Voyage à Djanet - Scènes de vie

Index de l'article

 

6 / SCENES DE VIE
Nous mangeons chez Ali où je rencontre furtivement sa sœur. Elle nous apporte le couscous et s’éclipse discrètement. Mon compagnon me parle longuement des difficultés économiques de son pays, de l’impossibilité pour les Algériens d’aller à l’étranger. Les voitures sont hors de prix et le crédit est inexistant. Cela paraît incroyable mais, si l’on veut acheter une télévision, il faut au préalable passer la commande à un magasin d’Etat et attendre des années ; cela favorise la corruption et les postes s’achètent souvent au marché noir au double du prix officiel.

Ce matin, le taxi me paraissait pourri ; celui qui nous ramène à Débila l’est vraiment. A chaque bosse, je sens nettement le chassis se tordre de douleur, l’intérieur est dans un état pitoyable : plus de poignées de porte ou de vitre, tableau de bord hors service, bruits divers et inquiétants et suprême raffinement dans ce décor irréel, la présence d’un extincteur dont je doute de l’état de marche.

Comme pour finir de me convaincre des différences entre nos deux pays, je décide de vidanger ma moto en prévision de la suite de mon voyage. Simple formalité ? A voir. Au garage du village, le pompiste m’indique qu’il ne vend pas d’huile. J’en suis quitte pour une promenade de 20 kilomètres jusqu'à El Oued. A la station d’essence, on m’informe que l’on ne vend pas de bidon d’huile en bidon, uniquement en fût. Je me rends donc au marché pour acheter un bidon en plastique, retourne au garage où on me le remplit. Je rentre alors à Débila où le pompiste laisse à ma disposition un hangar sablonneux et sombre pour effectuer ma vidange. Je mécanique donc avec la hantise que du sable ne pénètre dans le moteur. J’achève enfin cette « opération de routine ».

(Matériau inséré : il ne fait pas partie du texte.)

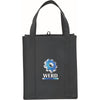 Leed's Black Big Grocery Non-Woven Tote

Je rejoins Salah sur son lieu de travail ; il m’invite à boire le thé avec ses collègues .... à l’exclusion de la seule femme présente. Plus tard, alors que nous arrivons à la maison de Salah, ce dernier sonne. Mabrouka demande qui est là, son mari répond, rentre et après une courte attente nous invite à pénétrer dans sa maison en nous dirigeant directement dans le salon sans voir Mabrouka. Nous nous asseyons sur les coussins, à même le sol. Salah part à la cuisine et nous ramène le repas. Nous ne verrons pas Mabrouka tout au long de cette soirée. Cette situation me choque, mais je n’ose pas aborder le sujet tant elle semble naturelle pour mes amis Algériens. Au cours de la soirée, beaucoup de sujets sont abordés, notamment politiques. Contrairement à ce que j’ai pu constater au Maroc où critiquer Hassan II semble inconcevable, ici, on n’hésite pas à remettre en question les personnes au pouvoir. Où va l’argent du gaz et du pétrole ? se demandent mes amis. Pourquoi la vie quotidienne se dégrade-t-elle à ce point ? Est-il normal que l’on ne puisse même pas trouver des pièces détachées pour les automobiles ? Depuis mon arrivée en Algérie, j’ai effectivement remarqué qu’un nombre impressionnant de voitures n’avaient plus de démarreur en état de marche et j’ai poussé à plusieurs reprises certaines d’entre elles à la sortie des stations d’essence pour aider les conducteurs à démarrer. Je ressens une grande lassitude chez mes amis.